The errors commence at the beginning with ancient Greece and proceed with the Enlightenment and end with his list of the “historic record.” First of all, democracy began with ancient Greece, not with the Enlightenment (I recommend Pericles’ Funeral Oration during the Peloponnesian War (431-404 B.C., as well as Plato’s Republic and Aristotle’s Politics). Nor did the liberals versus conservative conflict of today begin with the Enlightenment; it originated later in the 19th century, consequent to the upheaval of the French Revolution, fomented with Karl Marx’s Communist Manifesto (1848), and crystallized with the meeting of left-wing socialists and communists at the First International (1866).
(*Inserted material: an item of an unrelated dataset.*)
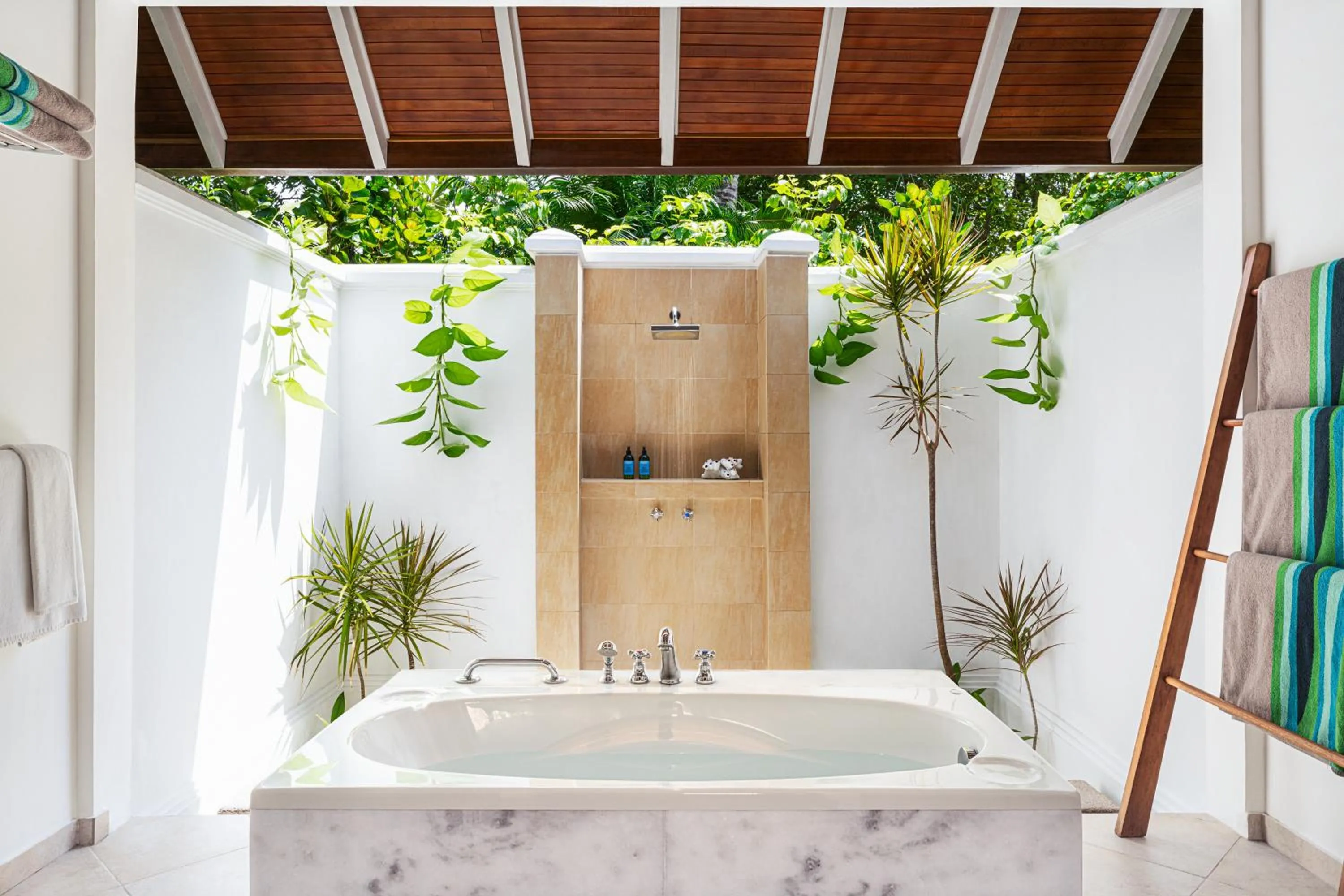Bathroom in Kurumba Maldives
The political-philosophical arguments of the Enlightenment involved the support for mercantilism, divine rights and royalist prerogatives by the “old” conservative monarchists; whereas classical liberals fought for natural rights, personal freedom, free trade, freedom of worship and limited government — concepts largely anathema to today’s socialist, collectivist, progressive and intolerant modern liberals, who are anti-religion, believe in big government and worship the state. Classical liberals are more in tune with today’s conservatives and libertarians, and are the philosophical complete opposite of the modern liberals and progressives, who are at heart, socialists. Just ask Democratic presidential candidate Bernie Sanders.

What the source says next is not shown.